> _PROBLEM TO SOLVE_:
Take the listing and print it in full, exactly as given.

> _DATA SHOWN_:
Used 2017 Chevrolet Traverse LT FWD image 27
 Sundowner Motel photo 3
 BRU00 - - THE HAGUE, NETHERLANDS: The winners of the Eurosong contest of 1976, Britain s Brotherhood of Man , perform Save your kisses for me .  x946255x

> _WRITTEN SOLUTION_:
Used 2017 Chevrolet Traverse LT FWD image 27
 Sundowner Motel photo 3
 BRU00 - - THE HAGUE, NETHERLANDS: The winners of the Eurosong contest of 1976, Britain s Brotherhood of Man , perform Save your kisses for me .  x946255x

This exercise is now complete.